I’m not saying our first time was disappointing… it was just… not what I was expecting. You weren’t quite the bad guy I’d been lead to believe. Clearly you’d just read the ‘How to be a bad boy’ wikiHow page to get a few tips. Scandal? The only thing scandalous about you is how you maintained the reputation of being a dangerous book for so long. Which isn’t to say that I didn’t still like you. It was just like The Wizard of Oz; I’d pulled back the curtain to find nothing more than a rather tame novel that had gothic elements. Yes, there was something of a homoerotic undertone but it was nothing more scandalous than the volleyball scene in Top Gun.
What you are, Dorian Gray, is a wonderfully written tale that highlights the dangers of art for art’s sake. It is a tale that cautions against morality rather than promoting it. Any hints of Dorian’s immoral behaviour are hardly blatant and the suggestion of homosexual desire is pretty tame. You were not something for me to fear. You are story of a young man who goes to great lengths to preserve the only thing he cares about: his beauty. A man who wants to continue being the belle of the ball whilst being able to give in to his every desire. No matter how dark or sinful they were.

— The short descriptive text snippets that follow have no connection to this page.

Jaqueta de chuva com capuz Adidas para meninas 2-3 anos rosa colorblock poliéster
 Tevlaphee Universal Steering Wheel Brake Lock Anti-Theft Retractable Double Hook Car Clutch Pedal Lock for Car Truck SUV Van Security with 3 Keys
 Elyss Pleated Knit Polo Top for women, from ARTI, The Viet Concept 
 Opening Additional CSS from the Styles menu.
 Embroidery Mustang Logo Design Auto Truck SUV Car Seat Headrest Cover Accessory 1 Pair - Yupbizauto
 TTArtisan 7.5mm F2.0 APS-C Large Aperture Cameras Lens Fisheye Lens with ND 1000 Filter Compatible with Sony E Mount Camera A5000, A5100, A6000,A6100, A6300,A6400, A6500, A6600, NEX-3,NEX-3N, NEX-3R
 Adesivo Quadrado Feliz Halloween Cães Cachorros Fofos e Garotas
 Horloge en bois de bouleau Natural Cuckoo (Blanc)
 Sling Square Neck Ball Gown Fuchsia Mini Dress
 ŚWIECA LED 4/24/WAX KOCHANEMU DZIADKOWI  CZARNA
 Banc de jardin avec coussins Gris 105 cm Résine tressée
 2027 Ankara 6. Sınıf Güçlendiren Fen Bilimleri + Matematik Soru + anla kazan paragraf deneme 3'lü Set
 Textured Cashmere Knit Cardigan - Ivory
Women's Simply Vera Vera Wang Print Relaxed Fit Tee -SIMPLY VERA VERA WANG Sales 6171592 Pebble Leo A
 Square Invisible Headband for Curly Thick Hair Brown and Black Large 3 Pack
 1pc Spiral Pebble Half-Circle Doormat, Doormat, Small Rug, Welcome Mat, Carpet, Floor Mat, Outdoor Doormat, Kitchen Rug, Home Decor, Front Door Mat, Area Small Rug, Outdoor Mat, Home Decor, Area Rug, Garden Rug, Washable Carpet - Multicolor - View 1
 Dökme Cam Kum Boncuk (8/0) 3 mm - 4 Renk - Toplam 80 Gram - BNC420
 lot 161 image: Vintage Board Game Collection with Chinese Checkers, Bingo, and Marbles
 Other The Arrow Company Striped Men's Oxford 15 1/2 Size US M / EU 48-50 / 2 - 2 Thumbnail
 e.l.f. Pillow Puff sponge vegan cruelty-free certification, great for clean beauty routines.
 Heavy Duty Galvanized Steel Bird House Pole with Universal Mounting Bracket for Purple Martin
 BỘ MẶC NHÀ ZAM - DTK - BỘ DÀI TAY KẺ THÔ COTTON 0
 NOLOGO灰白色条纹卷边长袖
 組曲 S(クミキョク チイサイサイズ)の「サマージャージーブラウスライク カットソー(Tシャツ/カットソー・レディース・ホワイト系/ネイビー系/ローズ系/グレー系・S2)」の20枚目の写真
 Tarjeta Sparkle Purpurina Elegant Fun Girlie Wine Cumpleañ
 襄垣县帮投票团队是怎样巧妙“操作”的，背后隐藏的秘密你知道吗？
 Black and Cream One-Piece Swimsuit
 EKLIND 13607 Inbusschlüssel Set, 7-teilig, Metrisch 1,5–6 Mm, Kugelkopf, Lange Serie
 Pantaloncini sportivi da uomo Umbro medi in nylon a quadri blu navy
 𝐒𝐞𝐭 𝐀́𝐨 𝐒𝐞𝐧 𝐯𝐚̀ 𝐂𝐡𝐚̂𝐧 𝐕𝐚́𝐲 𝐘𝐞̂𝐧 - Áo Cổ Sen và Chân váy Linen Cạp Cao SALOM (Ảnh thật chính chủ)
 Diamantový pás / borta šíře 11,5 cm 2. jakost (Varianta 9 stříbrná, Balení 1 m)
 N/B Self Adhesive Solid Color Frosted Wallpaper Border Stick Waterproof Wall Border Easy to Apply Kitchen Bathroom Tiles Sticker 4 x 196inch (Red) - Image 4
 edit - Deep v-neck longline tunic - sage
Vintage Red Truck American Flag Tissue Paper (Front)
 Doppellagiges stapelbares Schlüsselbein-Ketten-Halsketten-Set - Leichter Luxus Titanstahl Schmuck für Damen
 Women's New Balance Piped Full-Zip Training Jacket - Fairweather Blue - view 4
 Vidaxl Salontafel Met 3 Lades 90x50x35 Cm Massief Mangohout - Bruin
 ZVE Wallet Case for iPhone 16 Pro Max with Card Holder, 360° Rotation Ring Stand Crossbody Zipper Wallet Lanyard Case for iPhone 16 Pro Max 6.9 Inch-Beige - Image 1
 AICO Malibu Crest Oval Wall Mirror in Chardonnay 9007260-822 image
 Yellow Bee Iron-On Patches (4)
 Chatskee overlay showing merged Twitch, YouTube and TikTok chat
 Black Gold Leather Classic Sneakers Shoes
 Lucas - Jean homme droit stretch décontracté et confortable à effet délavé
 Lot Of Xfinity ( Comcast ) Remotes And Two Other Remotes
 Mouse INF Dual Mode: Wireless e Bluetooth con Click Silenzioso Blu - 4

I still loved you but in a different way. You are classic Oscar Wilde. Full of quotable lines and wonderful witticisms. When I first read you I highlighted and memorised so many quotes. You know, cause I was a super deep and intelligent teenager. I got you. I got you more than anyone had when you first published and I, probably, got you more than anyone ever had. You were the first book I ever proclaimed to be my favourite. It was a bit of cliché and you were no doubt part of my attempt to create an image for myself as a creative and intelligent teen. But all teenagers are stupid.
Our first time may have been a bit rocky but we’ve found our rhythm. We’ve come to understand each other’s wants and desires. We’ve come to understand how we fit together. Maybe that initial spark has gone and you’re more comfortable and familiar these days but I still love you. Even now that I no longer have the desire to seem deep, well-read, and pretentious. How could I not? There is so much within your pages to feast upon. I always feel full and satisfied after reading. Even your truly horrendous film adaptation couldn’t scare me off. You meant so much to me that I named the fish I bought at university Dorian. Yes, I claimed it was partly to do with Finding Nemo too but, let’s be honest, I was a pretentious English literature student. Nobody saw through my bullshit.
You my teen love. My first real grown-up book love. You were an older guy, more experienced. But you treated me well. Better than I had thought you would have done considering your reputation. Unfortunately, I gained some insight and experience myself. I know more about the world and I’ve met books that satisfy me in ways you never could. It doesn’t mean I won’t always look back on you fondly. You were the perfect choice for my first favourite book. You were everything I needed.